:: TO DO ::
Could you repeat the entries below exactly, but only from the line with "3.低风险地区开展核酸检测时,多采取采集口咽拭子的方式." through the line with "Dokter Ingatkan Batuk", and without any picture?

:: DATA SUPPLIED ::

___

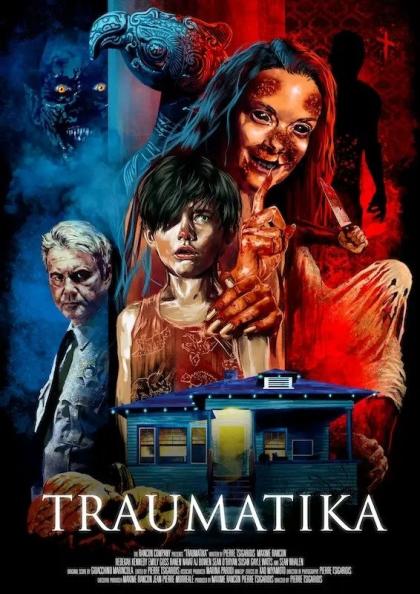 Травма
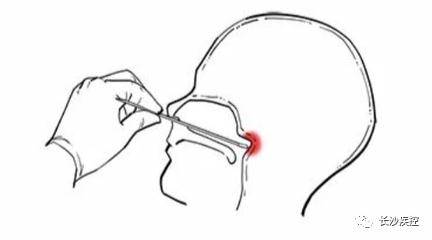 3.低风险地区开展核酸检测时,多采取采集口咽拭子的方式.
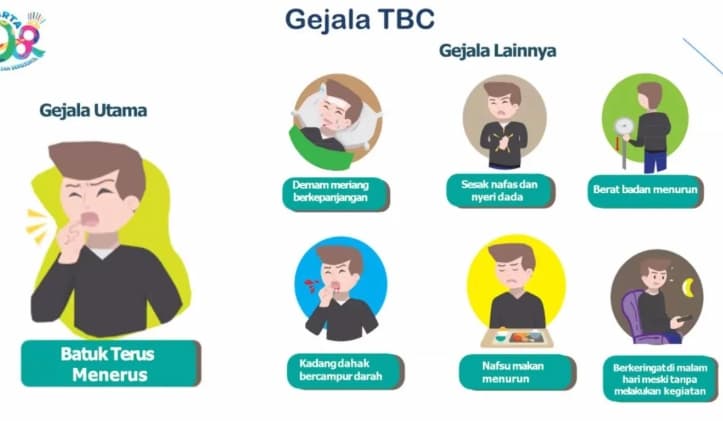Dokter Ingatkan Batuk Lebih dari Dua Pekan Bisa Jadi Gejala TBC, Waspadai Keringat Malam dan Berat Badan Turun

___

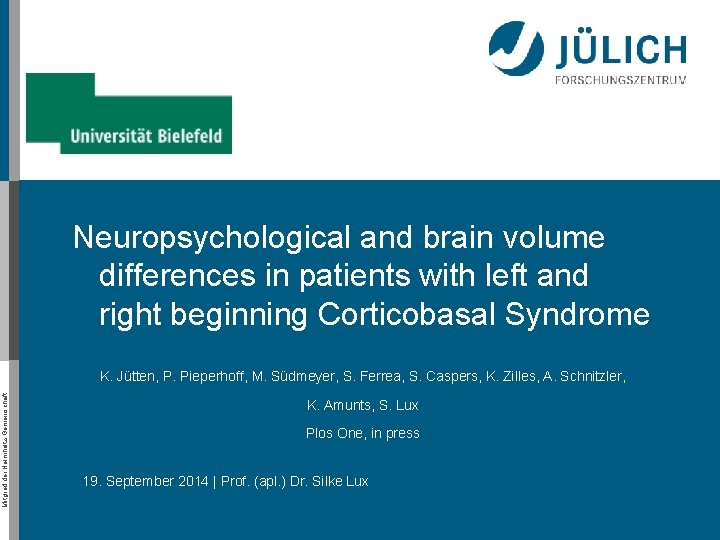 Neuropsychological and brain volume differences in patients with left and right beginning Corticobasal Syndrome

___

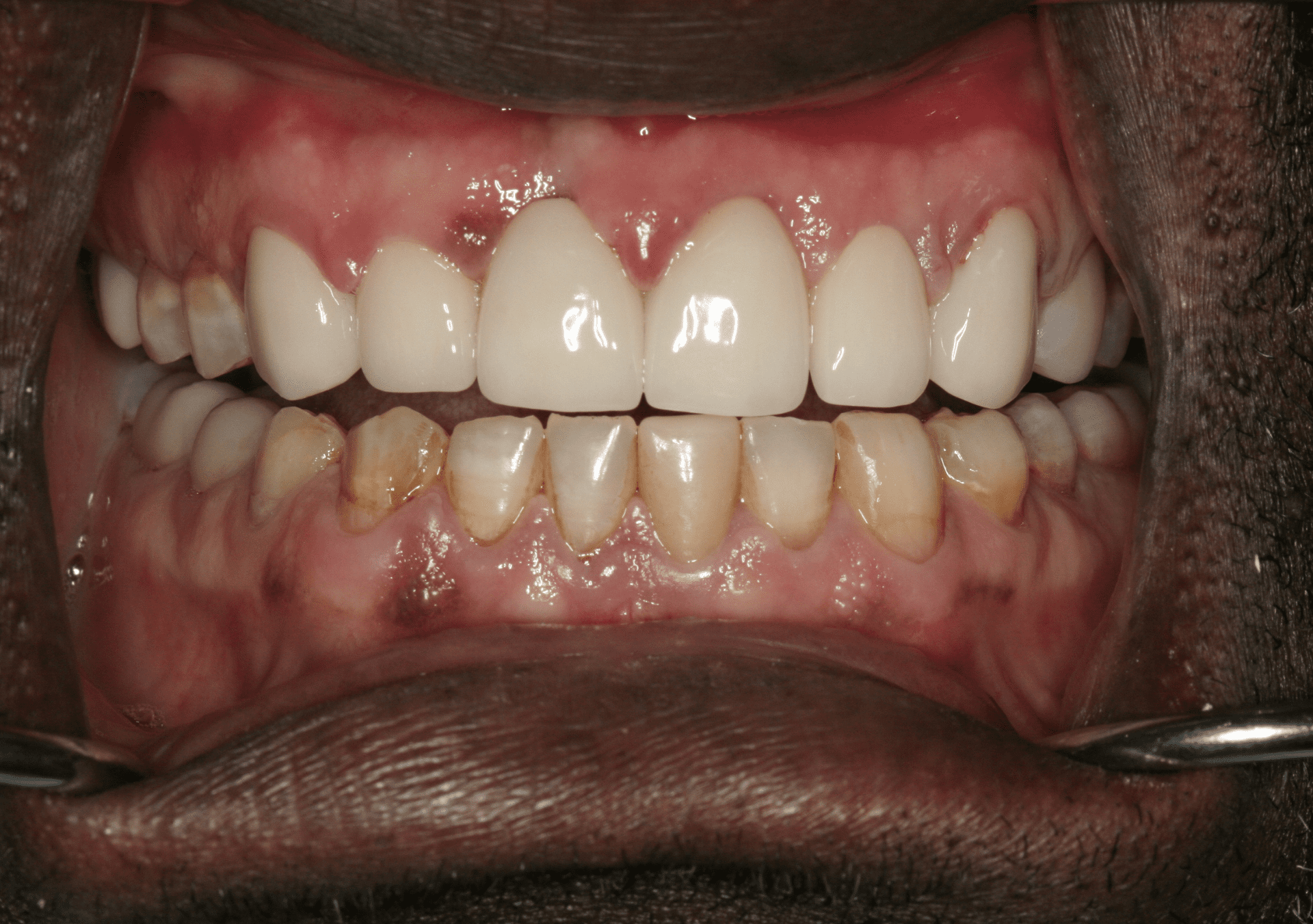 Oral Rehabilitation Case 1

___

:: TASK OUTPUT ::
 3.低风险地区开展核酸检测时,多采取采集口咽拭子的方式.
Dokter Ingatkan Batuk Lebih dari Dua Pekan Bisa Jadi Gejala TBC, Waspadai Keringat Malam dan Berat Badan Turun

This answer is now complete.